13-) Depremle birlikte Erdoğan’ın içinde bulunduğu açmazlar da katlanarak artmıştır. Ekonomik krizden dolayı hızla seçmen desteğini kaybeden Erdoğan’ın depremden sonra toplumsal desteğide buz gibi erime sürecine girmiştir. Üçüncü kez Cumhurbaşkanı adayı olması krizde olan Erdoğan daha büyük bir açmazın içine gitmiştir.
Üçüncü kez aday olabilmesini anayasaya uydurabilmesi için seçim tarihini öne çekmesi, meclisi yenileme kararı alması şarttır.
Depremin yarattığı toplumsal öfke bu kadar yüksek iken erken seçime gitmesi bile bile lades deyip yenilgiyi kabul etmesi anlamına gelir. Mevcut anayasaya göre seçimleri hiçbir koşulda erteleme şansı yoktur. Erdoğan siyasi açmazlar içinde kıvranmaktadır. Deprem felaketini kullanarak, anayasayı açık bir şekilde ihlal ederek seçimleri ertelemeye çalışma hamlesinde bulunabilir. Fakat muhalefetin bunu kabul etmesi kendi sonunu getirecektir. Önümüzdeki ayların büyük siyasi krizlere çalkantılarla geçeceği öngörüsünde bulunmak için kahin olmaya gerek yoktur. Bu durumda işçi sınıfına, ezilenlere devrimci güçlere düşen görev sistemin krizinin bir parçası olmak değil, bu krizin derinleşmesini sağlamak, bu krizi devrimci fırsatlara çevirmektir. Bunun temel kalkış noktasıda hiçbir burjuva bloka destek sunmadan emekçilerin ezilenlerinin cephesini oluşturmak, emekçilerin seferberliği için faaliyet içerisinde bulunmaktır.
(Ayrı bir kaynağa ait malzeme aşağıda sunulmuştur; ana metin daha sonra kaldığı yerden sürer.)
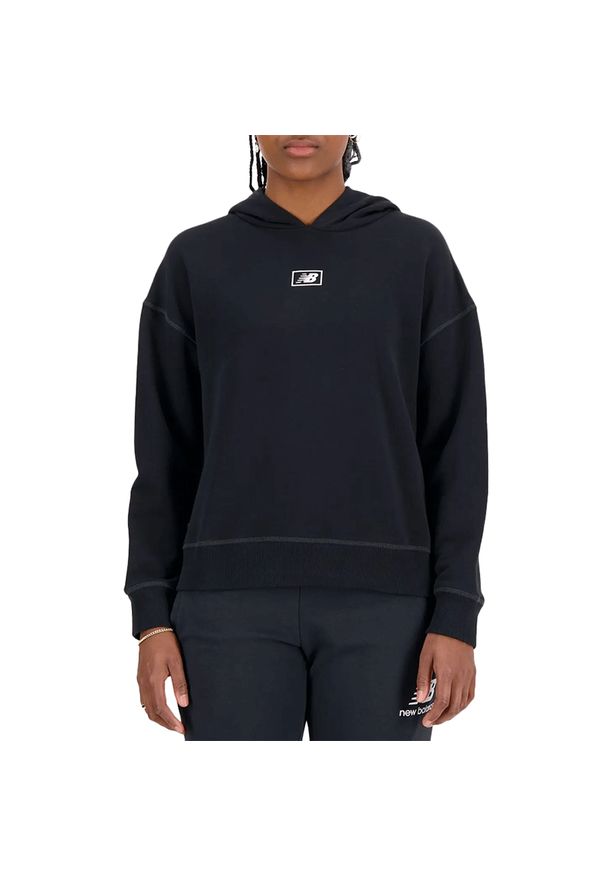 Bluza New Balance WT33512BK - czarna. Okazja: na co dzień. Typ kołnierza: kaptur. Kolor: czarny. Materiał: bawełna, prążkowany, materiał, poliester. Styl: klasyczny, casual
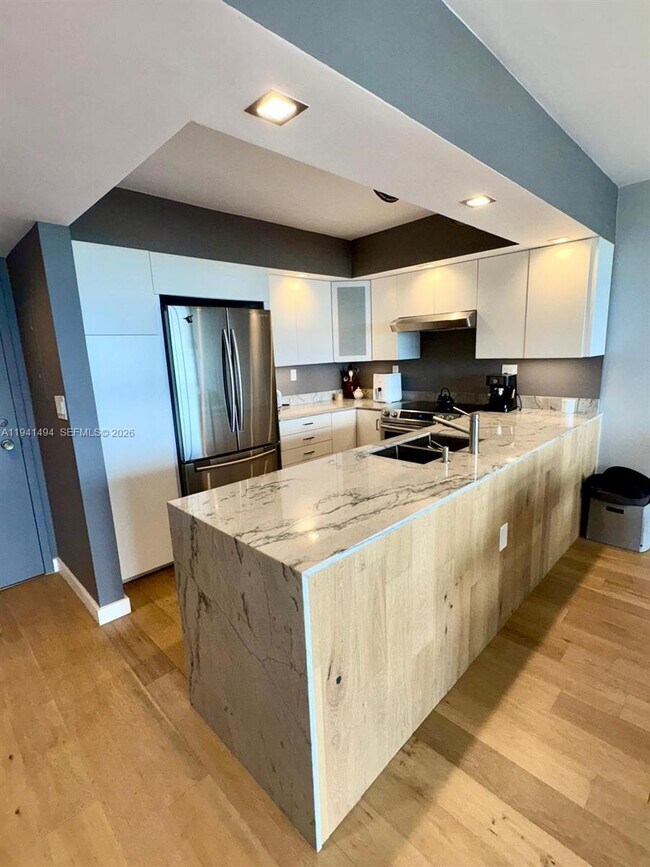 Building Photo - 2150 Sans Souci Blvd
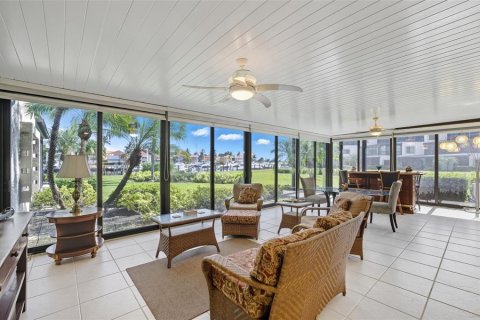Copropriété à vendre à Punta Gorda, Floride: 3 chambres, 238.67 m2 № 2416312 - photo 14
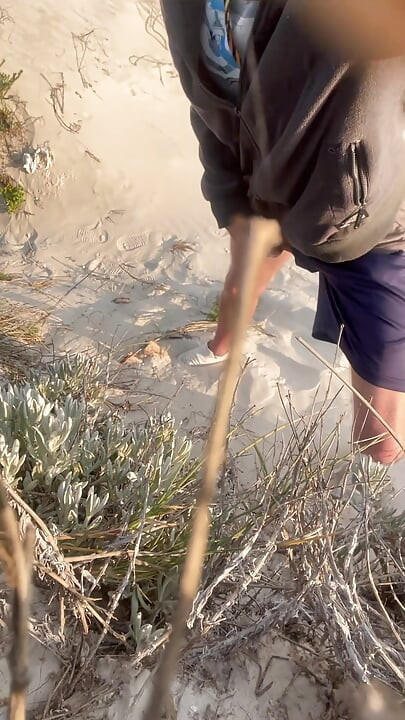Mike is stroking on the beach again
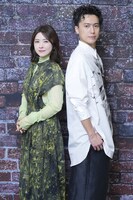 左から宮澤エマ、藤田俊太郎。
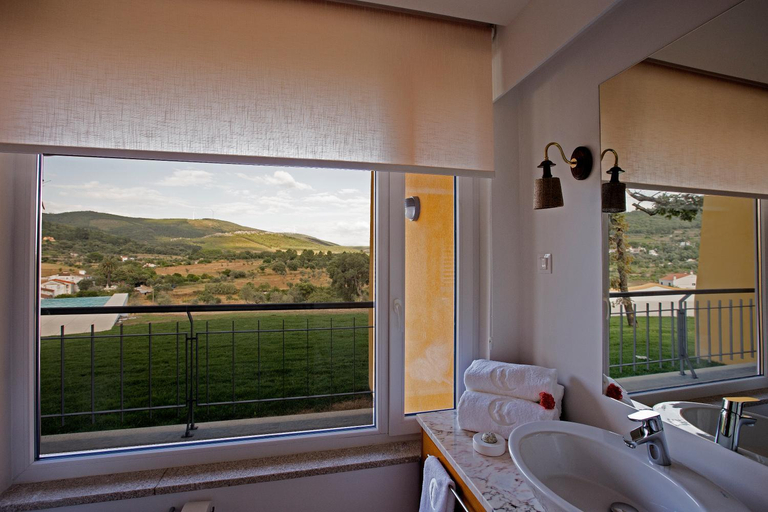 Bathroom 4, Cabecas Do Reguengo, Portalegre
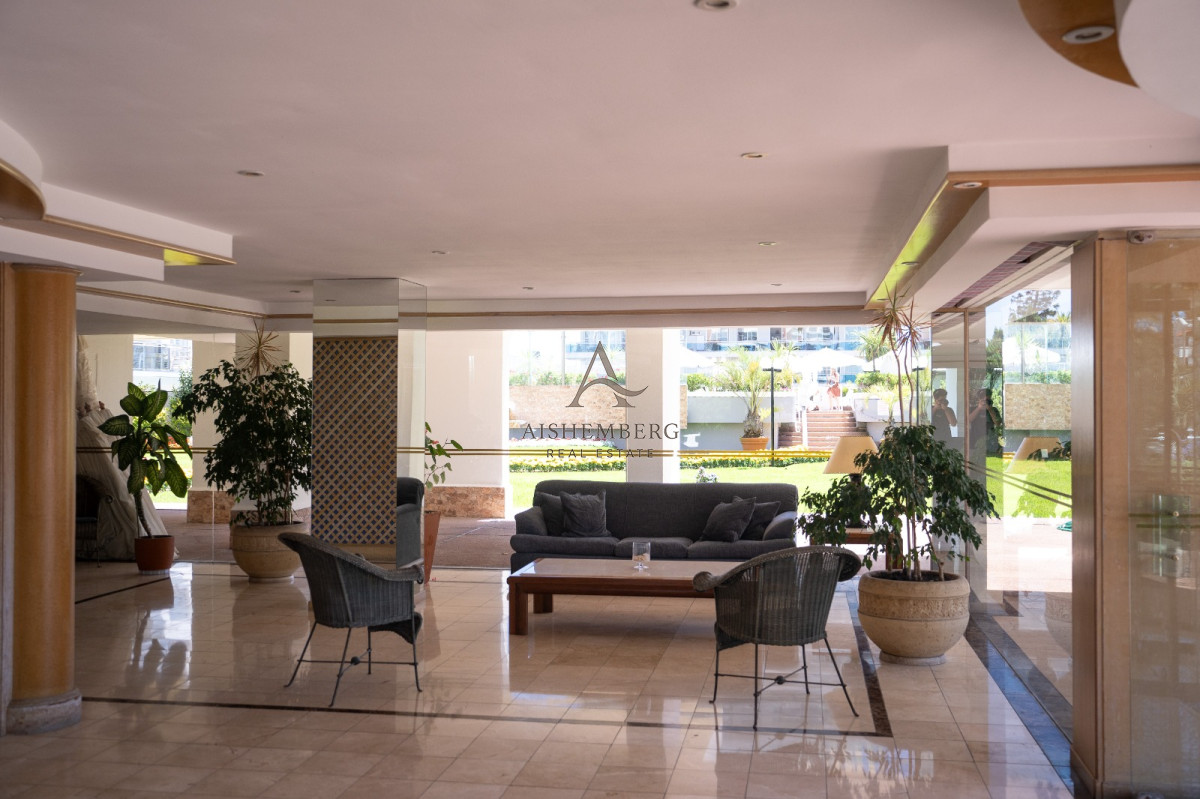 Apartamento ID.4957 - Venta, Penthouse, con 4 dormitorios + dep. servicio en Punta del este, terraza con vista panorámica 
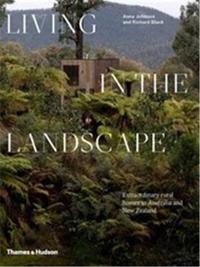 Picture of Living in the Landscape /anglais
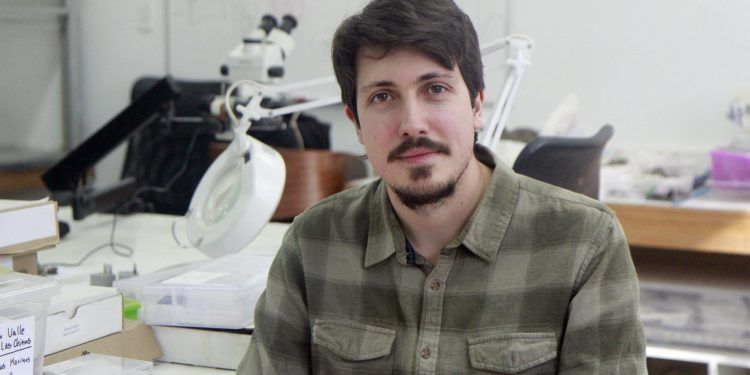 Hans Püschel, el investigador chileno que corrige error de más de 150 años sobre enigmático mamífero descubierto por Charles Darwin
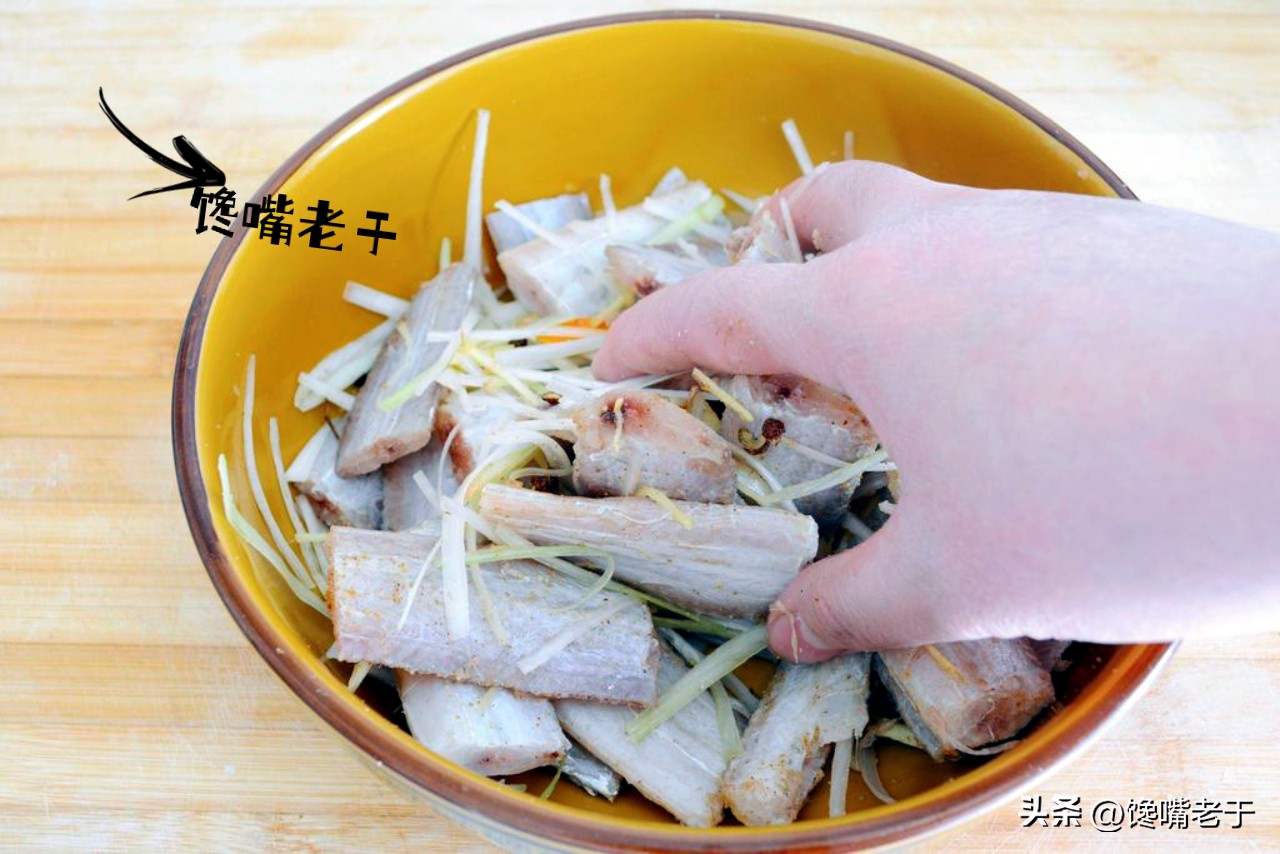 煎带鱼怎么不粘锅不掉皮视频,怎么煎带鱼块不粘锅不掉皮不散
Seçimleri bu amaç için bir kalkış noktası olarak kullanmaktır.

14-) Deprem bölgesinde ilan edilen OHAL, göçmen düşmanlığı üzerinden örgütlenen faşist saldırganlık, Erdoğan’ın iktidarda kalmak için oynayacağı son kozun hazırlığıdır. OHAL’i kalıcı hâle getirip, devlet baskısında vites yükseltip her türlü usulsüzlüğü yapmanın hazırlığı içindedir. Deprem bölgesinde bu düzeyde terör estirmesinin, tam bir diktatörlük kurmasının nedeni budur. Ölen insanların bile kaydı tam olarak tutulmamaktadır. Seçimlerde ölen insanlara oy kullandırtmayacağının garantisi yoktur. Birçok depremzede yaşadığı bölgeyi terk etmek zorunda kalmaktadır. İkametgahları değişecek milyonlarca insanın seçimlerde oy kullanıp kullanmayacağı belirsiz bir durumdur. 7 Haziran -1 Kasım 2015 seçim döneminde yaptığı gibi tüm ülkede terör ve kaos ortamı yaratıp, OHAL’i ülke geneline yayıp, tüm usulsüzlükleri rahatça yapabileceği sopalı seçim ortamını yaratmayacağının garantisi yoktur. Olası bir seçim yenilgisinde seçimlere hile karıştı deyip, cihatçı faşist çeteleri sokaklara salıp darbe yoluyla iktidarda kalmaya devam etmeyeceğinin hiçbir garantisi yoktur. Şu çok açık bir gerçekliktir ki; hiçbir koşulda normal olağan bir seçim gerçekleşmeyecek, Erdoğan 21 yıllık saltanatını kaybetmemek için elinden geleni ardına koymayacaktır. Bu noktada Erdoğan’ın tüm hamlelerini yapmasını engelleyecek, onun alanını komple daraltıp, tecrit edecek yegane unsur emekçilerin kitlesel militan seferberliğidir. OHAL, sansür, faşist saldırganlık, devlet terörünü etkisiz hâle getirecek yegane unsur budur.